In regards to all this "Unsupported Versions", and whether one will get none, some, or all updates. My personal view is there is NO WAY that M$ wont give full updates. They just cant afford not too. Its all bluff and tuff this talk one wont get them. Heard the same with Windows 8 and 10. But regardless of what they do, Its been said many times, why not wait and see what happens. Even if they somehow block updates, W11 is supposes to get fewer updates, and only one major update a year. That means one can be far more relaxed over this issue. Once a year means plenty of time to get a work around.
well, im ok with all that stuff from microsoft and win11... i have full faith that this time ill gor to the route of dual boot windows 11 (without tpm and all that cr$p) with kde neon... and from time to time ill try to figure ways of replacing things on windows for the ones one linux.. untill ill be a complet tux guy..
Please no Linux. It still sucks donkey balls even in 2021. Simple things still need terminal scripts. Nvidia drivers are busted for the most part.
I want to test the latest things in the VM, I'll stay on Dev but just leaving it like that without logged in to Insider will stay on Dev right?
Or just don't install/upgrade to Windows 11 if you don't meet the minimum requirements (which are known since last June). Windows 10 will still be actively supported until 2025 (at least).
Yeah, they've made it pretty clear that people shouldn't use Windows 11 unless they meet the hardware requirements. Just because we can find bypasses to sneak around their velvet rope security doesn't mean that they can't up their game. They still haven't shown their hand with activation. If they tie activation into needing TPM, even digital entitlement, that would put a lot of potential bypass folks off. I'm not saying they will. I'm just suggesting they could as an effective way of pushing the need for TPM adoption. If they really wanted people to have these chips, they could start now and just wait until Win10 support died off. Eventually people would give up trying to out-wait MS. Many would try to switch to Linux, but since MS doesn't have any serious competition, most would give up and just use the newer software. I would probably be one of them. I'd wait it out for a few years to make sure there is no serious privacy concerns and then go along with it like everyone else.

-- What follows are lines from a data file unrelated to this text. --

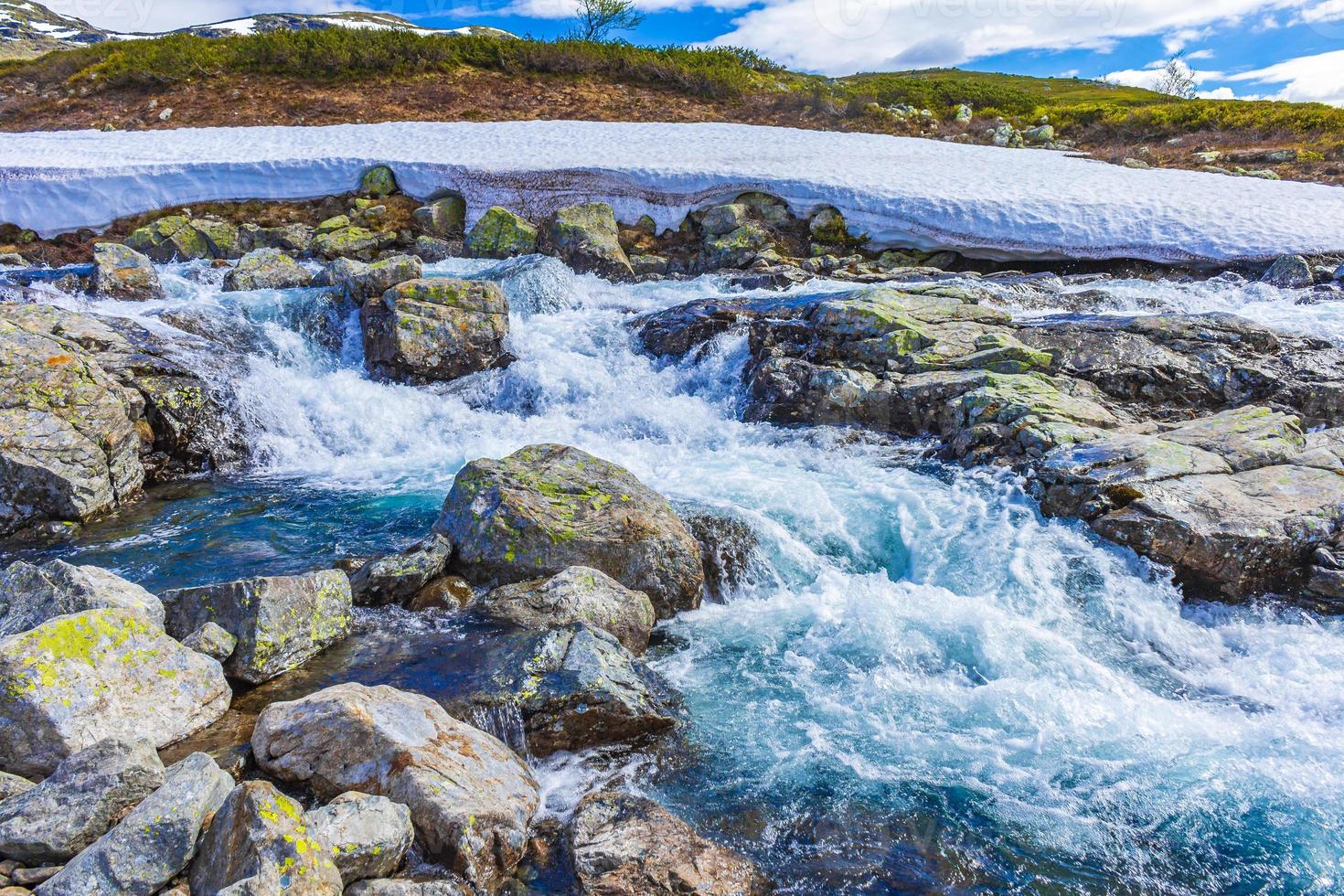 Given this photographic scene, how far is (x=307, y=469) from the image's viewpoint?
438 inches

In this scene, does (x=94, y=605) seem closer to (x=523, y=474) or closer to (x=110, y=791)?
(x=110, y=791)

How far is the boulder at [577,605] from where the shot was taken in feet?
21.6

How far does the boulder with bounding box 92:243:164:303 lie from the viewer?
46.5ft

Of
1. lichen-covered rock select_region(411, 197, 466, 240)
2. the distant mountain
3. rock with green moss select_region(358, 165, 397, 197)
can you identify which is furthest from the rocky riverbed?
the distant mountain

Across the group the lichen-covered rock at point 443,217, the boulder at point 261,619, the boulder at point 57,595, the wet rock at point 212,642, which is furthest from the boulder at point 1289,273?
the boulder at point 57,595

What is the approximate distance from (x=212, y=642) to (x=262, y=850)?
2.73 meters

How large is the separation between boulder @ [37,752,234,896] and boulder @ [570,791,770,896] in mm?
1970

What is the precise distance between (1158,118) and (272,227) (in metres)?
32.8

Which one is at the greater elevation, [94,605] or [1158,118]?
[1158,118]

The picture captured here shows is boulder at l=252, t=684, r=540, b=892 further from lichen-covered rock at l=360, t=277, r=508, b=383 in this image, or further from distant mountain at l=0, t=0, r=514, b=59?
distant mountain at l=0, t=0, r=514, b=59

Yes, it was for XP Embedded POSReady (April 2019) But afaik many, many banking systems, postal computers and sport centers still recieve updates for XP, by "simply" paying M$ for "premium" extended support.
ACTIVATION AND KEYS Normally with previous new versions at this stage of the release there would be a lot of talk on potential keys and how they will activate the operating system, and getting the time bomb on pre-releases removed. Yet its deadly silent. All on minimum requirements instead. All I can guess its either M$ has a new cunning plan on this, ---- OR ------ M$ has finally realised its a losing game and sticking with the tried and true W10 activation.

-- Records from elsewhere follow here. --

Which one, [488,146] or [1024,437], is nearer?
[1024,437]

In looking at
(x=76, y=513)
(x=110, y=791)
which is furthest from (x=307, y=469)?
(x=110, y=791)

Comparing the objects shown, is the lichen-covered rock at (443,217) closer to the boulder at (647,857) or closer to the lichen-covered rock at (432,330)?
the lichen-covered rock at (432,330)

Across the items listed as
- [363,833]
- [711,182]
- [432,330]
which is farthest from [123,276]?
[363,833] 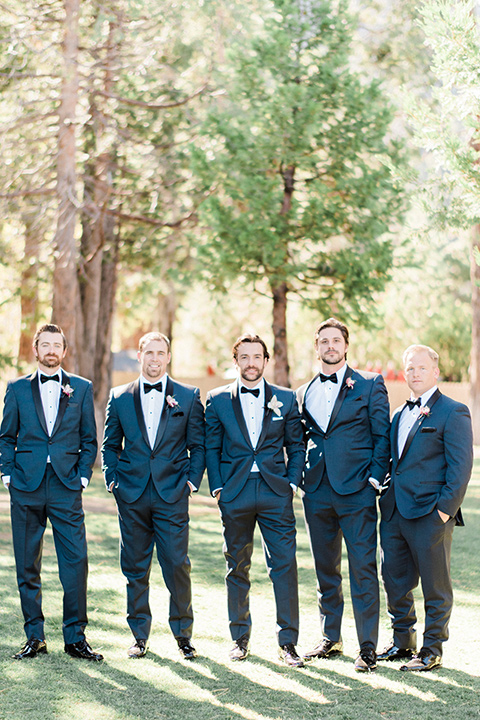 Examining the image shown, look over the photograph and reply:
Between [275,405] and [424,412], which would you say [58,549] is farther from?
[424,412]

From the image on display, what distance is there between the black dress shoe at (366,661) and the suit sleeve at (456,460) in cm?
97

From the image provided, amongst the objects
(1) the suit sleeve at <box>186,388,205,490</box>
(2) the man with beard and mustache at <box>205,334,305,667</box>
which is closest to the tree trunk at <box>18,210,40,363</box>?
(1) the suit sleeve at <box>186,388,205,490</box>

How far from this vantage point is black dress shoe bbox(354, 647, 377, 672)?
4883 mm

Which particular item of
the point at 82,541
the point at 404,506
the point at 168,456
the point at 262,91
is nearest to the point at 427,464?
the point at 404,506

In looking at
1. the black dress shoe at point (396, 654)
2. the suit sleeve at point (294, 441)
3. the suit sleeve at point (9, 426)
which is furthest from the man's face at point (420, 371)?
the suit sleeve at point (9, 426)

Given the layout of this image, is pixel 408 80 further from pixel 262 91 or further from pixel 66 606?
pixel 66 606

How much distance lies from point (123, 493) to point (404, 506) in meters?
1.75

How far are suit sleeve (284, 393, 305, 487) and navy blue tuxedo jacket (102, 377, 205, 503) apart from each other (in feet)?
1.82

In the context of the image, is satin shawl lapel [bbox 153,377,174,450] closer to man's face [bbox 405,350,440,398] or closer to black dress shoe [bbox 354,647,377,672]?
man's face [bbox 405,350,440,398]

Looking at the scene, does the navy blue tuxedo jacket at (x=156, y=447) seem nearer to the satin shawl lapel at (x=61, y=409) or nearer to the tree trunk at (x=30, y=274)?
the satin shawl lapel at (x=61, y=409)

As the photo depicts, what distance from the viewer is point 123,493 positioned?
515 cm

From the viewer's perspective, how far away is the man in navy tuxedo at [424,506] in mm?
4902

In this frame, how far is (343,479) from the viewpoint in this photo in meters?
5.07

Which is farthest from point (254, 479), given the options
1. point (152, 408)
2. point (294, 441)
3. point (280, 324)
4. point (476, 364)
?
point (476, 364)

What keys? It still is the same as with 10. Can't remember when there was a key discussion on MDL, other than the generic ones.
yeh thats the point. Everything is centered around Windows 10, activation and keys they are using. All the talk a month out from Windows 10 release was getting around the specific computer based activation (UEFI) and with what keys. this time round, NOT A PEEP released about activation and how they are going to do it. ---- to me just weirde.
I mean I've had 11 running on my 2011 era netbook on a crappy 1.6Ghz Intel Atom 24 hours a day for several days straight. If they want to claim that can't run it just perfectly well and deny updates... Okay. I'll keep running it and update it myself. It works for me, I don't need their "official support" apparently.